It's still hot, as collectors get in touch with their inner child, the obsessed kid in the arcade.

By LOGAN MABE, Times Staff Writer
Published May 27, 2005


The quarter drops into the slot. The plunger slides back with mechanical grace. Then the silver ball hurtles up the chute like a silver bullet.

Then, and only then, all things are possible. For this moment, you are transported back to a time when Slurpees came in just two flavors (Coke and cherry), when Saturday morning meant cartoons, and when the game world was dominated by Royal Flush and Old Chicago, not X-Box and PlayStation 3.

Back then, all it cost was 25 cents to become a pinball wizard.

Today, it costs a lot more. Oh, but it's worth it.

RISE OF THE MACHINES

Back in the day, we used to ride our bikes to The Mall. And at The Mall, there was always an arcade. And in the arcade, before Pac Man and Asteroids and Joust, there were pinball machines.

Lots and lots of pinball machines, lined up on either side just waiting for someone to come along and post a new high score.

If you were good, and it took most of the early to midteen years to get good, you could play all afternoon on a machine for a handful of quarters.
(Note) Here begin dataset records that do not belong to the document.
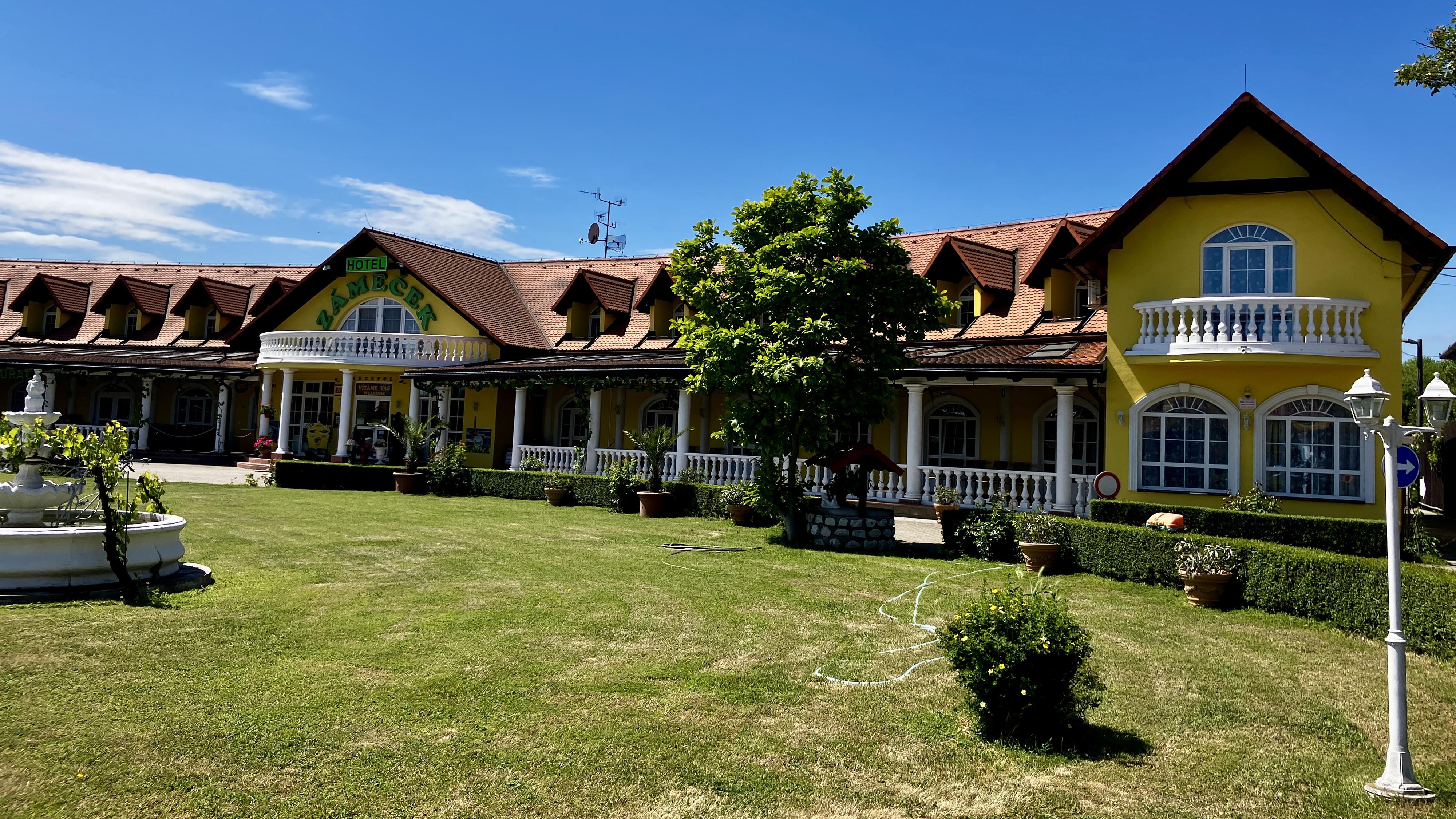 Restaurace Zámeček Mikulov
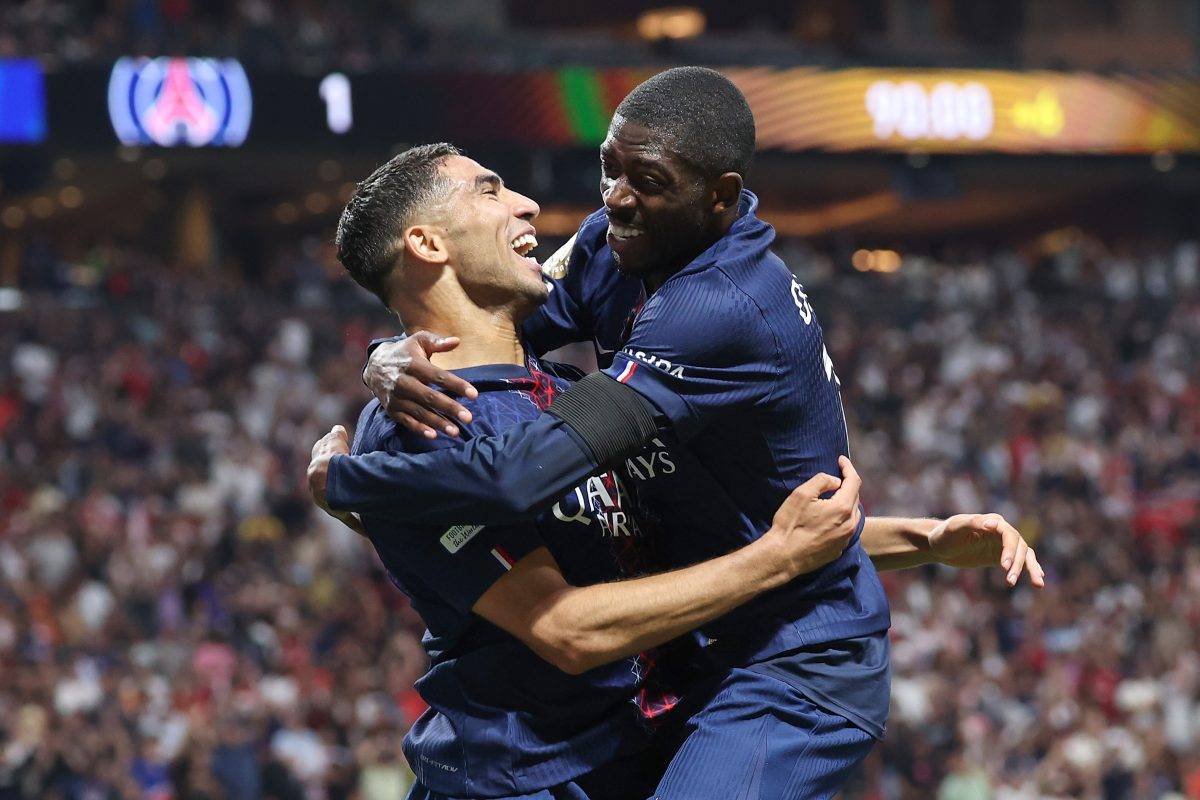 باريس سان جيرمان يرفض بيع حكيمي ودوي ويغلق الباب أمام ريال مدريد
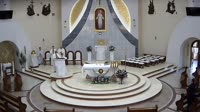 Słopnice - Église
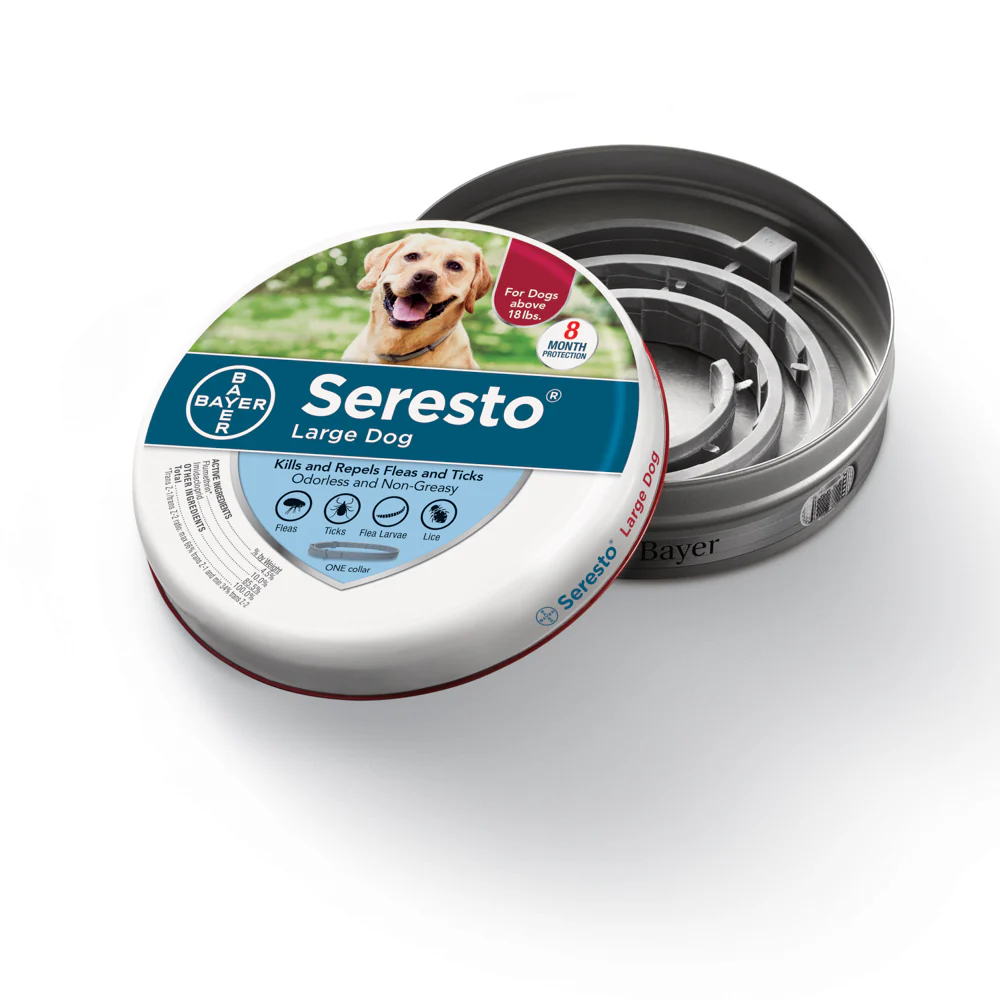 Seresto Large Dog Over 18lb - Image 2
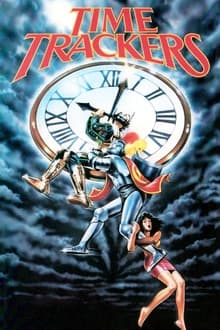 Time Trackers movie poster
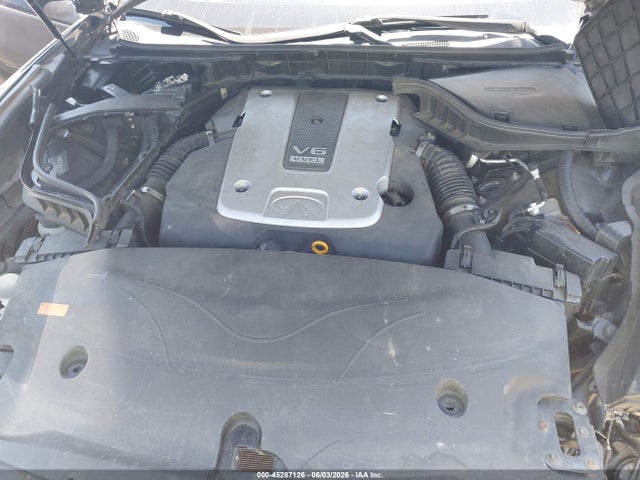 Aukcja sprzedaży 2011 Infiniti M37x, vin: JN1BY1AR9BM376571, numer aukcji: 45287126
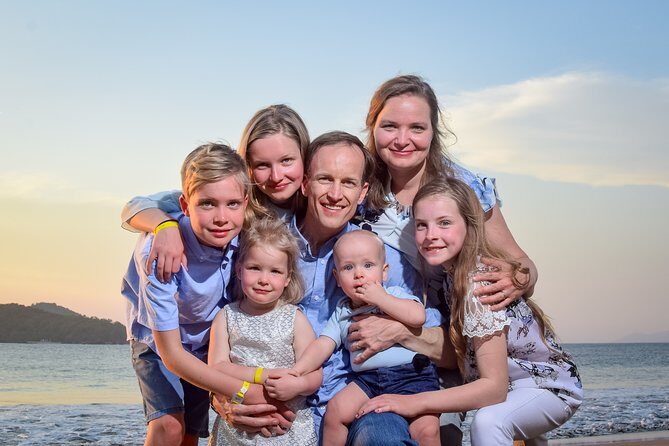 Photographic Session in Ixtapa Zihuatanejo - The Itinerary and What to Expect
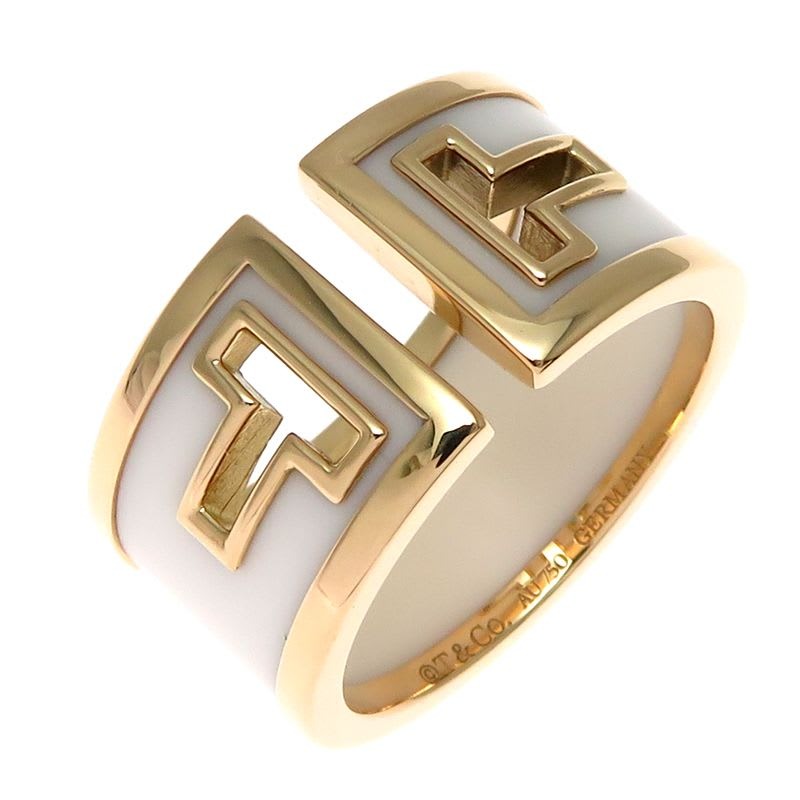 Tiffany & Co T Cutout Ring
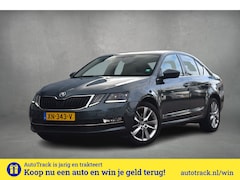 Skoda Octavia - 1.0 TSI Greentech Style Business | Automaat | CarPlay | Leer | Stoelverw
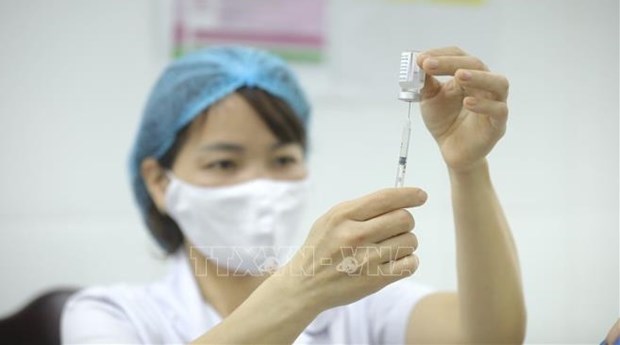 COVID-19: Prioriza Vietnam seguridad de campana de vacunacion hinh anh 1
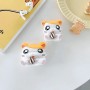 Capinha de Airpods Hamtaro em Estilo Cartoon Personalizada Itens de Presente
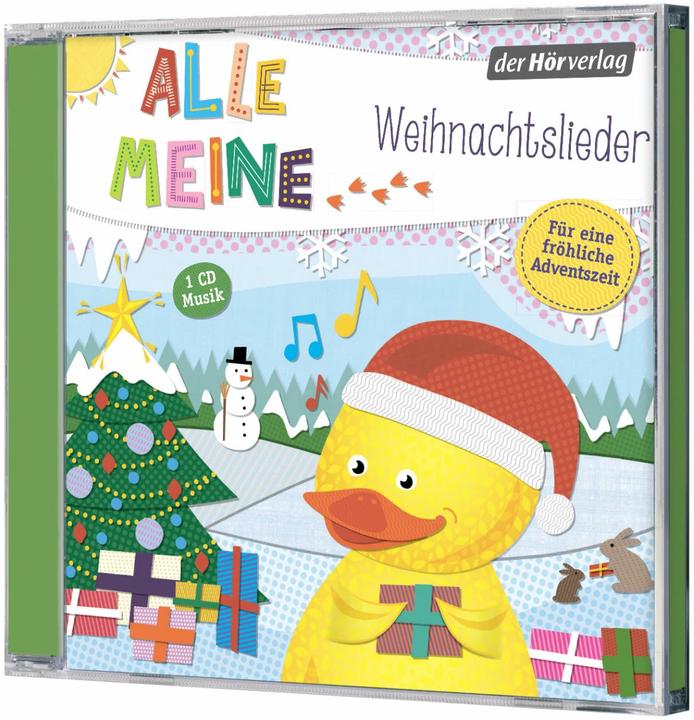 Immagine prodotto Tutte le mie canzoni di Natale (Martin Pfeiffer, Tedesco)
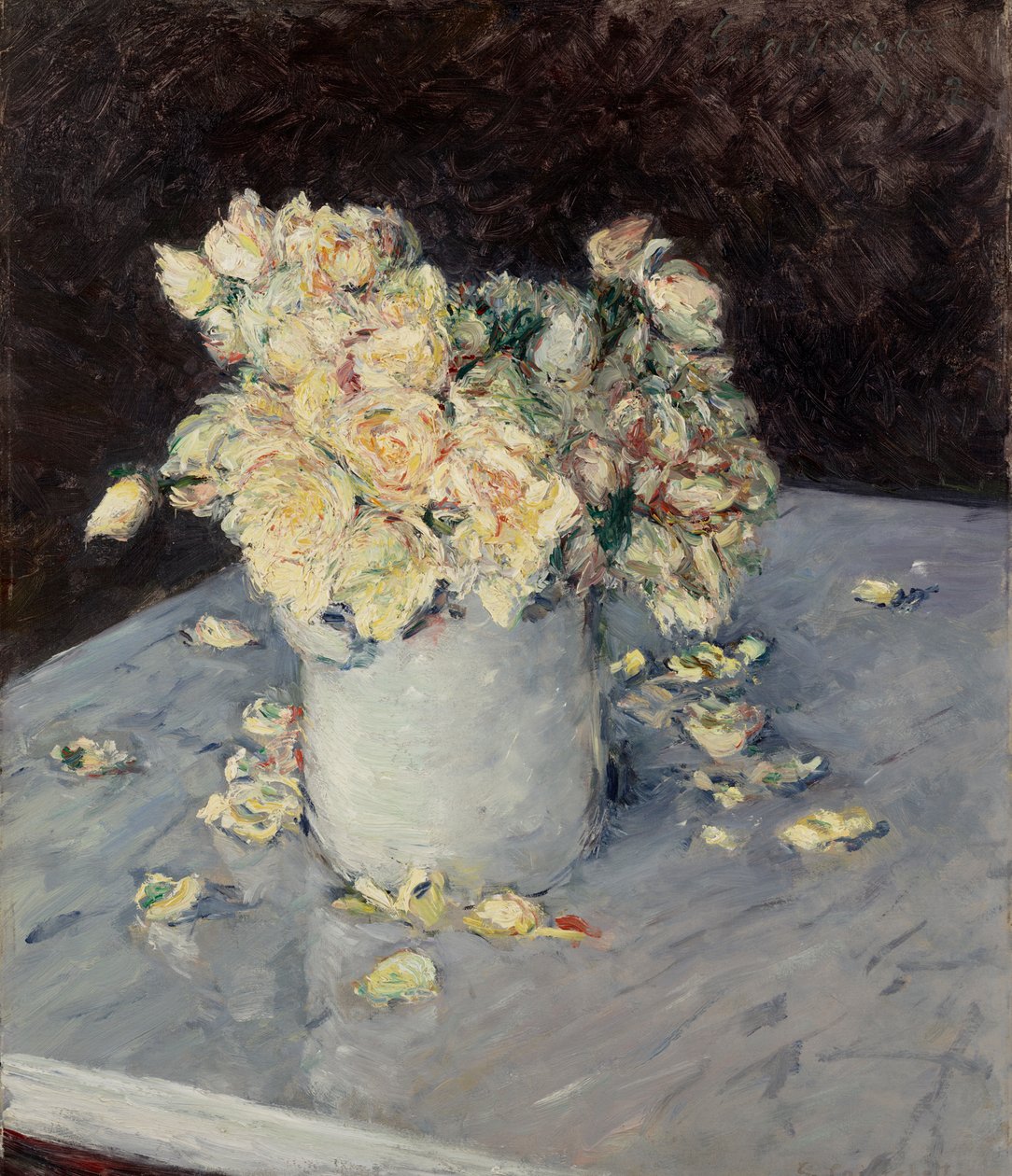 Nature Morte av Gustave Caillebotte
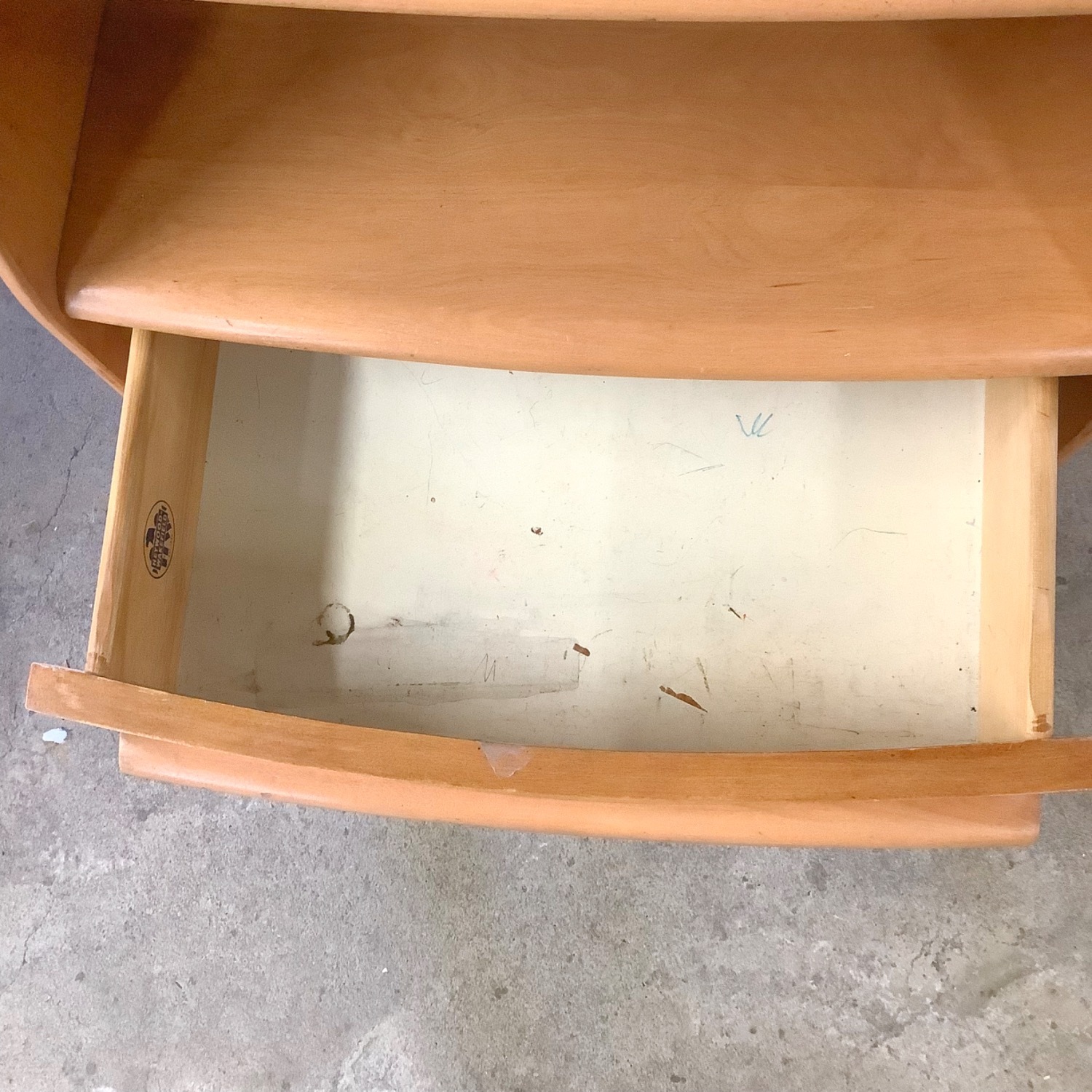 Mid-Century Nightstands by Heywood-Wakefield - image-11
Pummeling the flippers, nailing the spinners, catching that extra ball, always, and I mean always, using just enough body language and oomph to coax the ball through its paces.

It was fun in a visceral way. The pinball machines of the '70s and '80s were a synergy of technology and physicality. You had the lights, the ringing bells and the action of a machine magically coming to life coupled with the dark inevitability of gravity that sent all those balls down the "drain."

Those days were perhaps pinball's heyday. Popular since the 1930s, pinball seemed to reach its pinnacle at a time when the boys and girls of the baby boomers had enough change in their pockets to feed the industry.

But the advent of video games sent the pinball machine into exile, and the uprising of home game systems cemented its place in the gaming gulag. It very nearly became extinct.

But not quite.

 

KEEPERS OF THE FLAME

In 1975, Andy Kline was a business major at the University of South Florida when he stumbled across the entrepreneurial opportunity that would come to define his professional life.

Kline sat in classes all day long listening to professors exhort the theories of guns and butter. But a newspaper advertisement held more promise for him than any lesson in macroeconomics.

The ad said something like, "Be your own boss in the fast-paced world of arcade games." Kline called the number.

"I bought five Space Invaders, and that was the end of my college career," said Kline, who at 48 now sports a ponytail and the few extra pounds that long hours and middle-age success afford. In the beginning, Kline positioned his new machines around town, collecting quarters and running his route.

"Five games went to 10 and then 20 and then 700 machines," Kline said. "This became my career."

And slowly things changed.

"I needed a way to get rid of old games," Kline said. "Then all of a sudden, people started buying stuff."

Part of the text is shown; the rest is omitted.